+++ Listed entries

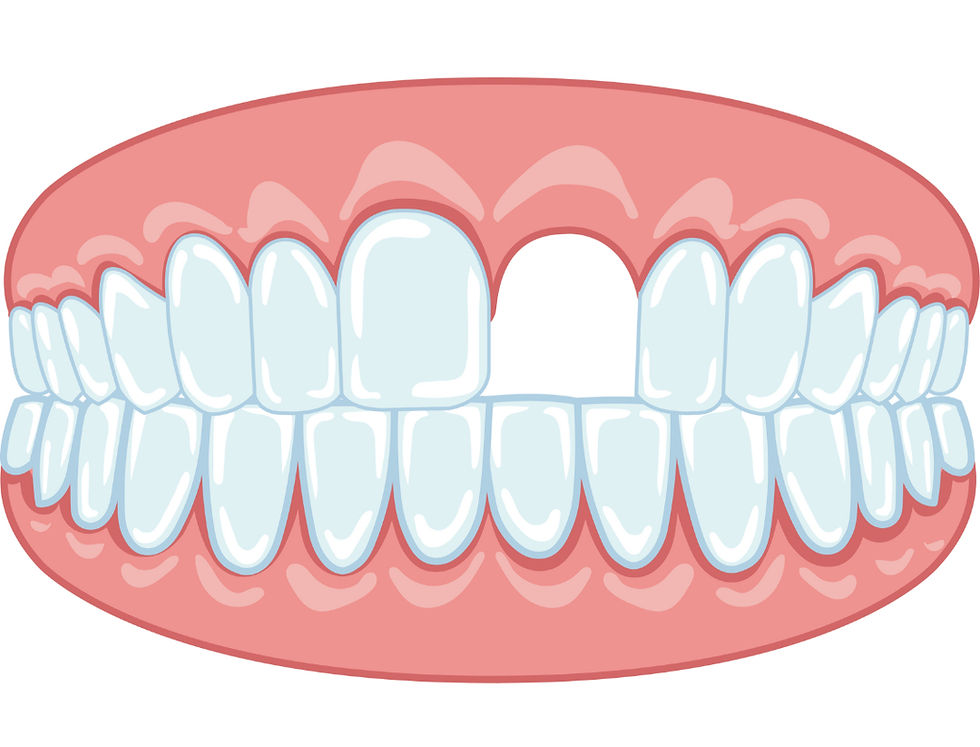 Missing tooth - Dental Sanctuary, Bangalore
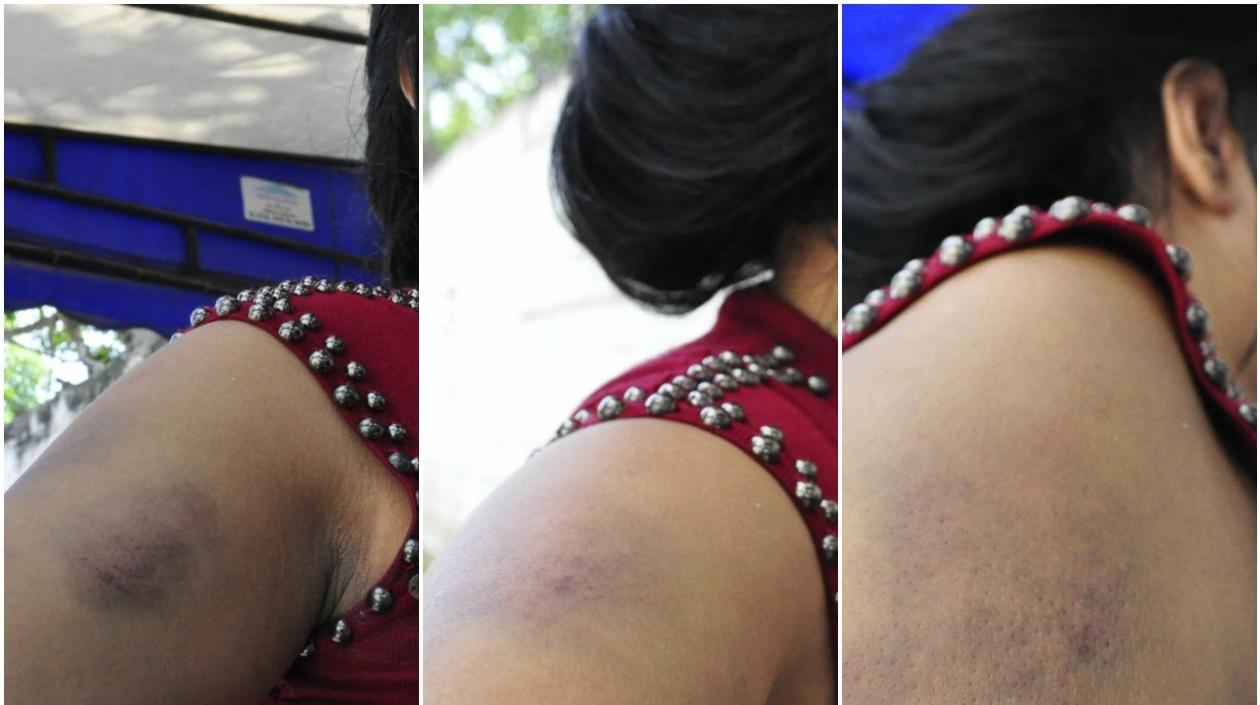 La mujer muestra los golpes recibidos.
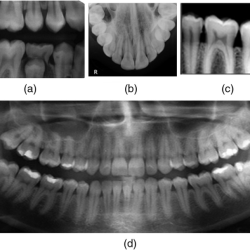 Intraoral technique of exposing periapical and bitewing images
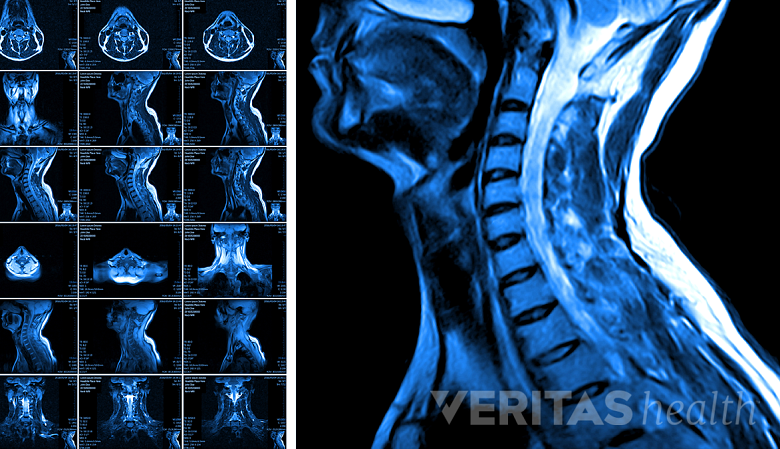 Illustration showing MRI scan of head and neck.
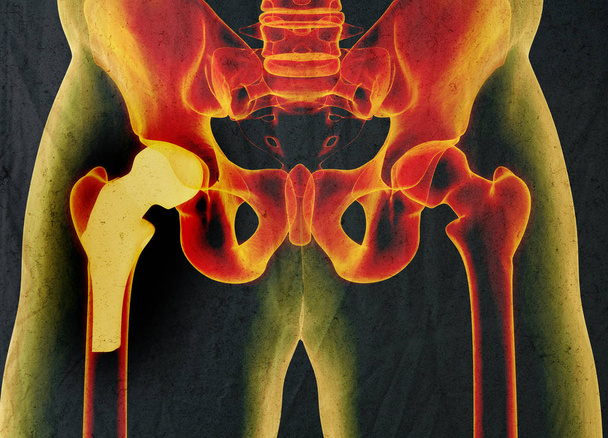 Hip replacement model - Photo, Image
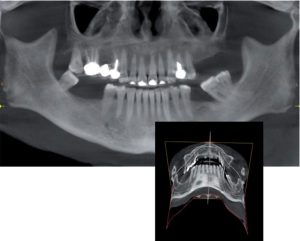radiologia-dental-3d-ejemplo-comparativo-habitual-768x617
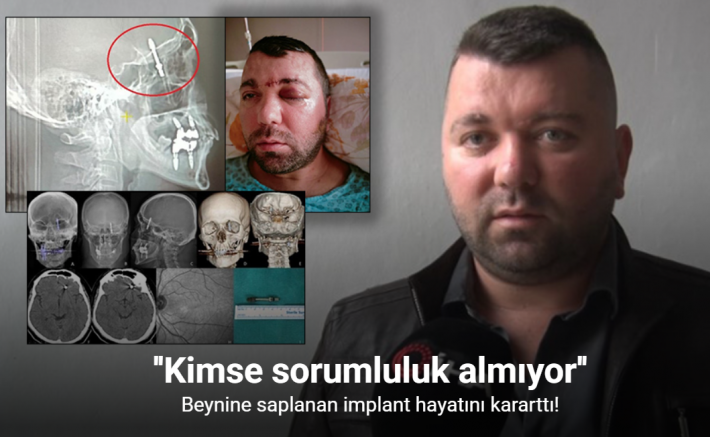 Beynine saplanan implant hayatını kararttı: 2 yıldır adalet bekliyor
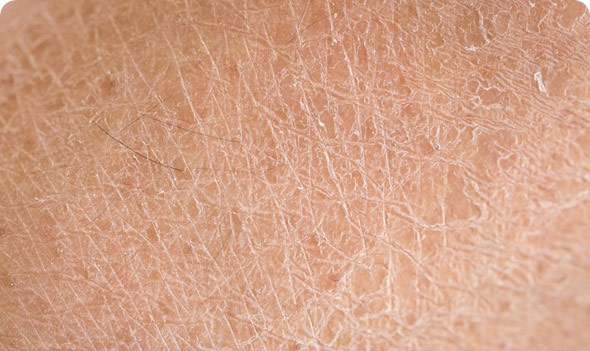 Da xuất hiện những vết nứt nẻ hoặc bị kích ứng do thiếu độ ẩm (ngứa rát khi trời lạnh).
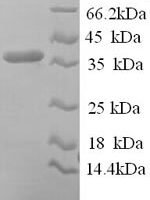 Human Reticulocalbin-1 (RCN1), partial Recombinant Protein - BioCrest Sci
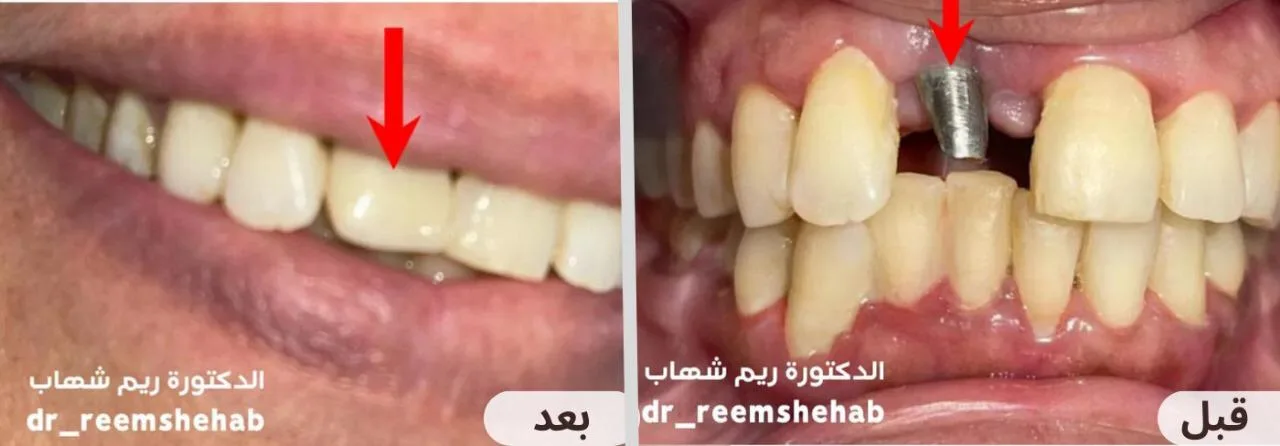 تم عمل زراعة سن واحد بدون الحاجة لنحت الأسنان الجانبية السليمة. من حالات الدكتورة ريم شهاب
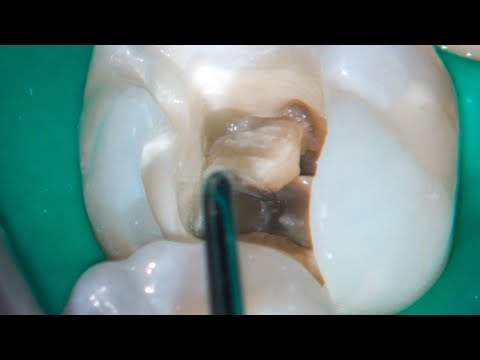 Treatment of a necrotic mandibular molar according to the Biologic Endodontic School. Domenico Ricucci.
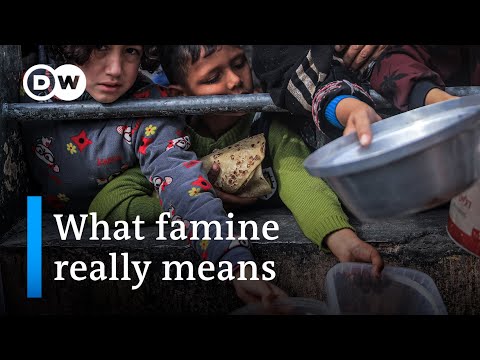 Gaza famine could hurt people’s health for decades | DW News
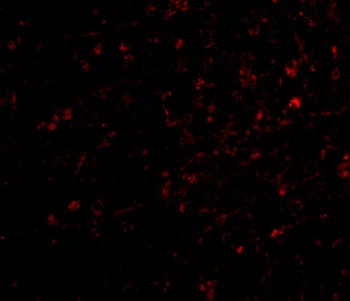 NIPSNAP Antibody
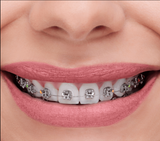 BRACKET UCLIP ROTH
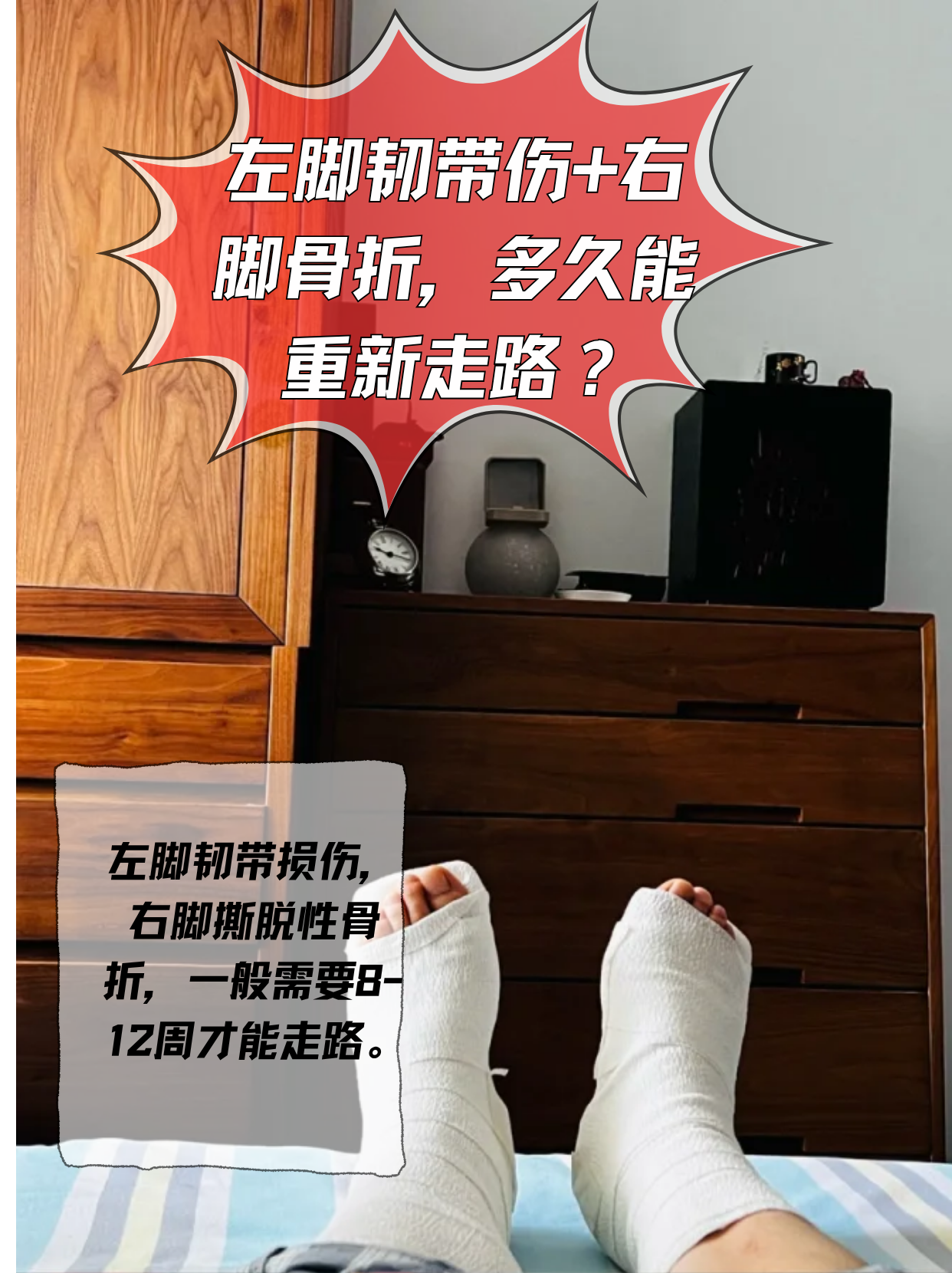 左脚韧带伤 右脚骨折,多久能重新走路?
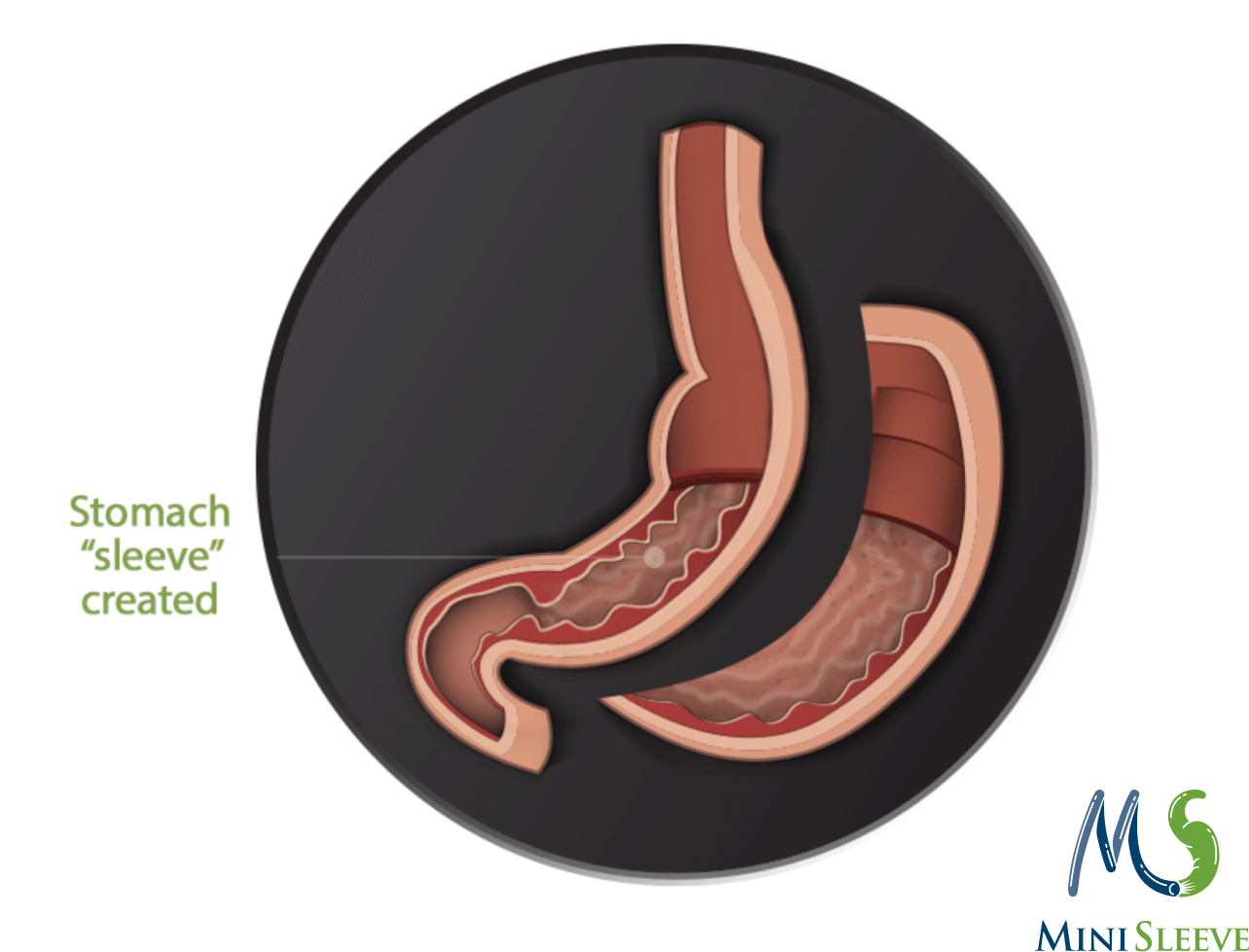 The Mini Sleeve®. Minimally Invasive Mini Gastric Sleeve Surgery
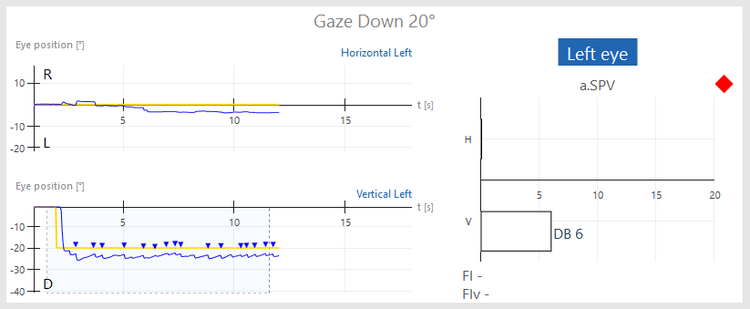 Gaze results overview for gaze down 20 degrees. For vertical left, the blue curve for eye position is jagged, indicating nystagmus. The average slow phase velocity of the nystagmus is 6. The nystagmus peaks are marked with a blue triangle, and the subtest is flagged with a red diamond.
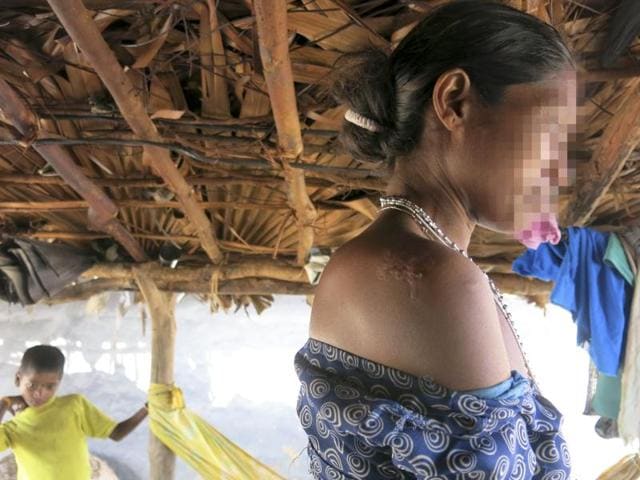 Peddagellur residents PL and her daughter-in-law were assaulted and gangraped. PL was assaulted with rifles on her right shoulder, and sustains this injury.(Chitrangada Choudhury/HT Photo) Peddagellur residents PL and her daughter-in-law were assaulted and gangraped. PL was assaulted with rifles on her right shoulder, and sustains this injury.(Chitrangada Choudhury/HT Photo)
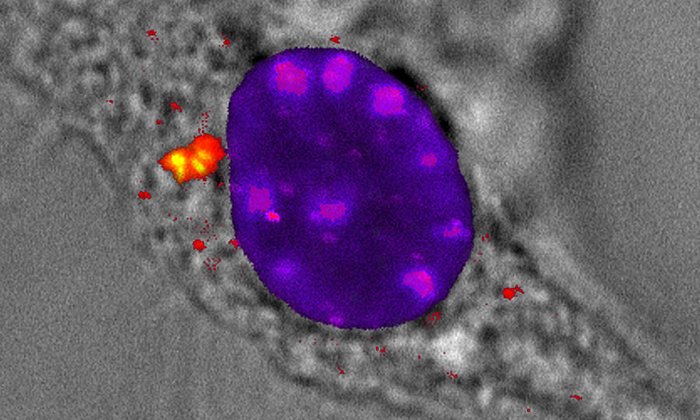 Die Abbildung zeigt eine Fluoreszenzaufnahme von Virus-DNA-Rad50-Card9-Komplexen (gelb) im Zytoplasma (Transmissionsbild) einer Zelle. Nach Infektion der Zelle mit einem DNA-Virus markieren die Wissenschaftler die einzelnen Moleküle, die sie in der Zelle beobachten möchten, mit unterschiedlichen fluoreszierenden Farbstoffen. In blau/magenta leuchtet die DNA, in grün Rad50 und in rot Card9.  (Bild: A. Rottach / LMU)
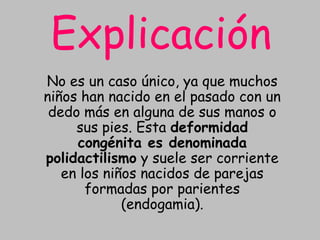 ExplicaciónNo es un caso único, ya que muchos niños han nacido en el pasado con un dedo más en alguna de sus manos o sus pies. Esta deformidad congénita es denominada polidactilismo y suele ser corriente en los niños nacidos de parejas formadas por parientes (endogamia).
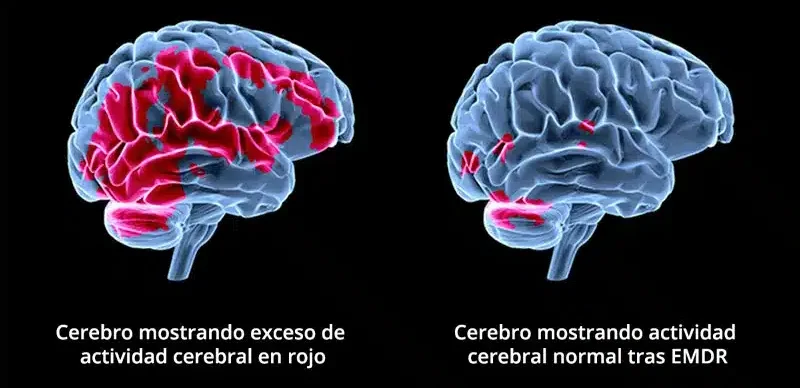 Integración de la terapia EMDR en el tratamiento del dolor crónico 2 terapia EMDR en el tratamiento del dolor crónico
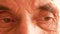 Theme of ophthalmology for the elderly. Close-up of the eyes of a pensioner with poor vision. Tired look of a Caucasian man extrem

++++++

The output is the data above, repeated exactly, with pictures omitted.

§ Completed task:
 Missing tooth - Dental Sanctuary, Bangalore
 La mujer muestra los golpes recibidos.
 Intraoral technique of exposing periapical and bitewing images
 Illustration showing MRI scan of head and neck.
 Hip replacement model - Photo, Image
radiologia-dental-3d-ejemplo-comparativo-habitual-768x617
 Beynine saplanan implant hayatını kararttı: 2 yıldır adalet bekliyor
 Da xuất hiện những vết nứt nẻ hoặc bị kích ứng do thiếu độ ẩm (ngứa rát khi trời lạnh).
 Human Reticulocalbin-1 (RCN1), partial Recombinant Protein - BioCrest Sci
 تم عمل زراعة سن واحد بدون الحاجة لنحت الأسنان الجانبية السليمة. من حالات الدكتورة ريم شهاب
 Treatment of a necrotic mandibular molar according to the Biologic Endodontic School. Domenico Ricucci.
 Gaza famine could hurt people’s health for decades | DW News
 NIPSNAP Antibody
 BRACKET UCLIP ROTH
 左脚韧带伤 右脚骨折,多久能重新走路?
 The Mini Sleeve®. Minimally Invasive Mini Gastric Sleeve Surgery
 Gaze results overview for gaze down 20 degrees. For vertical left, the blue curve for eye position is jagged, indicating nystagmus. The average slow phase velocity of the nystagmus is 6. The nystagmus peaks are marked with a blue triangle, and the subtest is flagged with a red diamond.
 Peddagellur residents PL and her daughter-in-law were assaulted and gangraped. PL was assaulted with rifles on her right shoulder, and sustains this injury.(Chitrangada Choudhury/HT Photo) Peddagellur residents PL and her daughter-in-law were assaulted and gangraped. PL was assaulted with rifles on her right shoulder, and sustains this injury.(Chitrangada Choudhury/HT Photo)
 Die Abbildung zeigt eine Fluoreszenzaufnahme von Virus-DNA-Rad50-Card9-Komplexen (gelb) im Zytoplasma (Transmissionsbild) einer Zelle. Nach Infektion der Zelle mit einem DNA-Virus markieren die Wissenschaftler die einzelnen Moleküle, die sie in der Zelle beobachten möchten, mit unterschiedlichen fluoreszierenden Farbstoffen. In blau/magenta leuchtet die DNA, in grün Rad50 und in rot Card9.  (Bild: A. Rottach / LMU)
 ExplicaciónNo es un caso único, ya que muchos niños han nacido en el pasado con un dedo más en alguna de sus manos o sus pies. Esta deformidad congénita es denominada polidactilismo y suele ser corriente en los niños nacidos de parejas formadas por parientes (endogamia).
 Integración de la terapia EMDR en el tratamiento del dolor crónico 2 terapia EMDR en el tratamiento del dolor crónico
 Theme of ophthalmology for the elderly. Close-up of the eyes of a pensioner with poor vision. Tired look of a Caucasian man extrem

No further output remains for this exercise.